Q: We have focused on the importance of equity in serving the reentry population. I noticed that you used the term “criminal legal,” rather than “criminal justice.” Why?
A: More organizations are moving away from using the term “criminal justice” to describe policing, court processes, and incarceration in the US. Those of us who’ve worked closely within it, even as probation officers, know that these systems rarely deliver justice.
Q: You’ve been working with us here at CHCF for almost a year. What made you want to join the foundation?
A: I was drawn to the opportunity to work at a systems level to optimize behavioral health care for people with complex needs. I wanted to work with an organization that looks at improving and innovating the continuum of services and that has a strong commitment to health equity.

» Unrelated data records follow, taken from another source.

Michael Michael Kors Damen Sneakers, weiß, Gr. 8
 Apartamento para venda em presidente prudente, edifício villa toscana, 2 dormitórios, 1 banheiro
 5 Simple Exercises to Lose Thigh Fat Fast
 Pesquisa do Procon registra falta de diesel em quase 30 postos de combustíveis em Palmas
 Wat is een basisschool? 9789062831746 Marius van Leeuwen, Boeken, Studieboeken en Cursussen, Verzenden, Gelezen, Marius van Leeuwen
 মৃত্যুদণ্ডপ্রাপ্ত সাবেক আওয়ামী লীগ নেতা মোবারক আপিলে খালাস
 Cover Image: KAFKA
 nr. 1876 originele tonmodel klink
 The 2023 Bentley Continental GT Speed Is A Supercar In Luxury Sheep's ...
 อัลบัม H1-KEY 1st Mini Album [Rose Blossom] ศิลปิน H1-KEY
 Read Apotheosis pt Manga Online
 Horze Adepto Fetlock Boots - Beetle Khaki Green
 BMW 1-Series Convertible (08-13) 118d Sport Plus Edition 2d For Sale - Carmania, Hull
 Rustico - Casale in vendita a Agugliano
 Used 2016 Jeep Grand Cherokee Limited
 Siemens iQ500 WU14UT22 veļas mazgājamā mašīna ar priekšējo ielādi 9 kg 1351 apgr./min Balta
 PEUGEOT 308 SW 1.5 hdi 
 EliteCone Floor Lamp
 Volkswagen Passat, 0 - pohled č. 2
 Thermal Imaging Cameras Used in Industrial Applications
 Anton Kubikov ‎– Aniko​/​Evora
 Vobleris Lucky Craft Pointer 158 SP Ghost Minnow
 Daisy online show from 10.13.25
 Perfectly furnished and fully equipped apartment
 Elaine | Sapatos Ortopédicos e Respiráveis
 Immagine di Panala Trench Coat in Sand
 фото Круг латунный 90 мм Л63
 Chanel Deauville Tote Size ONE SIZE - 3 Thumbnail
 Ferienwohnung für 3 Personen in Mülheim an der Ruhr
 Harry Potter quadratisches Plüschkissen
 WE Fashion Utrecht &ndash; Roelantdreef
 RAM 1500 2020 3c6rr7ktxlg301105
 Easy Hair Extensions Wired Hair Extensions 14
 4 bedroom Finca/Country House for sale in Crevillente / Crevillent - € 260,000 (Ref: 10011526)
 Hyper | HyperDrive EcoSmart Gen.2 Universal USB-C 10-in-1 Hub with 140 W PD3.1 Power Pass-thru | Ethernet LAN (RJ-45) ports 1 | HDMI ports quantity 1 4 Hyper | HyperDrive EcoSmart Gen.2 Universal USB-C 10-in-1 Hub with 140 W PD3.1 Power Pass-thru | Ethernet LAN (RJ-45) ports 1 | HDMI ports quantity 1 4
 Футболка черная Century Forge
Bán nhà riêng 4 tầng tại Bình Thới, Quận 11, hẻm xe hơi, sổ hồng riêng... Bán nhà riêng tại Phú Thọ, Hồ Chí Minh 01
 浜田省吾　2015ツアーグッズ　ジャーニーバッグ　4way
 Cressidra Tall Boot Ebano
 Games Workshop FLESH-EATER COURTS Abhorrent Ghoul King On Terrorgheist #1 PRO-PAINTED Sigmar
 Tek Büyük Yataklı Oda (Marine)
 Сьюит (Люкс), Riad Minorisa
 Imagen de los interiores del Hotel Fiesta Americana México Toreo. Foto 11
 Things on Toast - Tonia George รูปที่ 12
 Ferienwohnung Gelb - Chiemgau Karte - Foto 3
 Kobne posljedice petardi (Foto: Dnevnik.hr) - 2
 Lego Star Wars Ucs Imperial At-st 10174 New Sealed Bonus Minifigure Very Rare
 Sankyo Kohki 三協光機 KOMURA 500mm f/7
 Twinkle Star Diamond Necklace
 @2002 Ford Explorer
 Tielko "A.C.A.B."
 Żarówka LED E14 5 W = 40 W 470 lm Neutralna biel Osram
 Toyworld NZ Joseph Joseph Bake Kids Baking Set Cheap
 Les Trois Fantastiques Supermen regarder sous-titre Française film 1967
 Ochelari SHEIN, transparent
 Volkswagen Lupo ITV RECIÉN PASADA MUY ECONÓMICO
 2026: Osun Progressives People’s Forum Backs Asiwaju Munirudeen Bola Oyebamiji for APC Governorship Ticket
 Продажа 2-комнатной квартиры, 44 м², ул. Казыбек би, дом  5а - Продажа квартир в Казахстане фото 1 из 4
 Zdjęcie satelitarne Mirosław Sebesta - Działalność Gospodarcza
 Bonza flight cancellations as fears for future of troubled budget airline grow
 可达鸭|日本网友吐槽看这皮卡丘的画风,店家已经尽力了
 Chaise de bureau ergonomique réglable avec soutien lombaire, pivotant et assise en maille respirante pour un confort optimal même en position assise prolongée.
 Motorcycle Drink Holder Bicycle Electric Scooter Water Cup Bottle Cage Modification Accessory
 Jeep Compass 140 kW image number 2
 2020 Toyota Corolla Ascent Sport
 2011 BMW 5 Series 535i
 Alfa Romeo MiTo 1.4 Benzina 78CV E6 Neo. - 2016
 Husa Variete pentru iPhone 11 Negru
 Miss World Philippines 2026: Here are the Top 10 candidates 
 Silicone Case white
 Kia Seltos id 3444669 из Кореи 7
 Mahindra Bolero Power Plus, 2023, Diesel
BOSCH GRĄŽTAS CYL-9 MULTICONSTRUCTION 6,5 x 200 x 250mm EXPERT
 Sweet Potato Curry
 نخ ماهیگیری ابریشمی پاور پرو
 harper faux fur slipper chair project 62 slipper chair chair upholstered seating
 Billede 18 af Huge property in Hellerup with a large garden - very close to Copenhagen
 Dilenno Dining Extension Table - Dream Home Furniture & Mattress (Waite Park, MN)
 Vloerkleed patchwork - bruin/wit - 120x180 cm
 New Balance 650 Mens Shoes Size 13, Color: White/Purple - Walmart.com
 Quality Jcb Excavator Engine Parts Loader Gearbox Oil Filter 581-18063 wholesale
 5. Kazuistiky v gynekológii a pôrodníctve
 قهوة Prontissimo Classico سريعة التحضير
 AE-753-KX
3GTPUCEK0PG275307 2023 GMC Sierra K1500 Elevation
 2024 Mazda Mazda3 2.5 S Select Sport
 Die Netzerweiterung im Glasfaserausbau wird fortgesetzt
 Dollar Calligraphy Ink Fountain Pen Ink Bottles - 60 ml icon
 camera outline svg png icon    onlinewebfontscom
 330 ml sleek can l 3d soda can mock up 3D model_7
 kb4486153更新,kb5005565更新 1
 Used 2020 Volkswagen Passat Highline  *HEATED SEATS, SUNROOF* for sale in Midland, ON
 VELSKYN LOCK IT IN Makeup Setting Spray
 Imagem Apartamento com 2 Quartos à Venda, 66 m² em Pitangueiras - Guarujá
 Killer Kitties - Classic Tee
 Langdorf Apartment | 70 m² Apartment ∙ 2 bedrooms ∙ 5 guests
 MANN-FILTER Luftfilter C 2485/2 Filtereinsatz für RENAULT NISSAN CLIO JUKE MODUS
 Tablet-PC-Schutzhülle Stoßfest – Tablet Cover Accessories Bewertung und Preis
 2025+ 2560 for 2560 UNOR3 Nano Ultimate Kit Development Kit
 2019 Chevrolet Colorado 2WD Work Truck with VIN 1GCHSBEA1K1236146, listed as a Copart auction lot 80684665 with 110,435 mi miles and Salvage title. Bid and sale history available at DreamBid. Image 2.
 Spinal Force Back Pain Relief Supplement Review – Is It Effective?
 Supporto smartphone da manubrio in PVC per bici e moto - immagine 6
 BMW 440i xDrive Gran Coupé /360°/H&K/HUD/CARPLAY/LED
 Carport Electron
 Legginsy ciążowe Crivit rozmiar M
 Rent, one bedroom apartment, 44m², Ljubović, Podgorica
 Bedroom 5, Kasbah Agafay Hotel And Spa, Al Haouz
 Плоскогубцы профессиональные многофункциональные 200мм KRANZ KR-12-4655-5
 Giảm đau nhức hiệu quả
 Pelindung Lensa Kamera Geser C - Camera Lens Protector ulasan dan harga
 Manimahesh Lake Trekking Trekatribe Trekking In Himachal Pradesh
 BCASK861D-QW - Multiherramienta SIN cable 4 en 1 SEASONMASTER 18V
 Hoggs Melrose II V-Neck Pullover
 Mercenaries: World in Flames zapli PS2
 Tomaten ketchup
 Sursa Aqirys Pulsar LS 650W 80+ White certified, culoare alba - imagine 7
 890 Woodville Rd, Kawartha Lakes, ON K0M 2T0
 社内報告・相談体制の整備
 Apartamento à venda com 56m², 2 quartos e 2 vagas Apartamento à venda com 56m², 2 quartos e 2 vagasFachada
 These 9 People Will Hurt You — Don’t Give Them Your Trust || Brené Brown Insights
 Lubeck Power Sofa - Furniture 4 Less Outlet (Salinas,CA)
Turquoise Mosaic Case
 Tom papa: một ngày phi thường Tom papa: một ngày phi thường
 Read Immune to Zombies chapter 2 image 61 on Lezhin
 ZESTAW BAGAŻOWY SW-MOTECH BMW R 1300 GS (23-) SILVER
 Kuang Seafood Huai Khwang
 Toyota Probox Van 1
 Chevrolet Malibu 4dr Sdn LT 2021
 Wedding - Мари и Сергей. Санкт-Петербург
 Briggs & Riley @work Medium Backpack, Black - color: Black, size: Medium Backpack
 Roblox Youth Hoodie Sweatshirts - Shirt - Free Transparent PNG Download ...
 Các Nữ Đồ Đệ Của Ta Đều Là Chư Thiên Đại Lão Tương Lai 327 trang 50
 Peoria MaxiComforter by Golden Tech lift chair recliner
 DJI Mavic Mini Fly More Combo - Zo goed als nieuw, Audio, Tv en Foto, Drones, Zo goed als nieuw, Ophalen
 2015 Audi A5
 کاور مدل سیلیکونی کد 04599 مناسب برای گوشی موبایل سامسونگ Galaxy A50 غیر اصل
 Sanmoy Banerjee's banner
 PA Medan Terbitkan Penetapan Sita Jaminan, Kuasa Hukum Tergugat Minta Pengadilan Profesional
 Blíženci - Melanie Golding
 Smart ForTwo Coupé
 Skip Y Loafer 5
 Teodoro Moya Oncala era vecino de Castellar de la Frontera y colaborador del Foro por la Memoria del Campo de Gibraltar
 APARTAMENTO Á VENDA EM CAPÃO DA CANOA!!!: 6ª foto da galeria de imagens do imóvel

I’ve seen the system from many sides. When I was growing up, I received health care at a Federally Qualified Health Center, the Clinica Sierra Vista in the Central Valley. I saw firsthand the importance of receiving culturally concordant care, and that experience inspired my journey in health care delivery. It’s a privilege to focus on making sure the system works for people with low incomes and for communities that have faced persistent barriers to care and good health.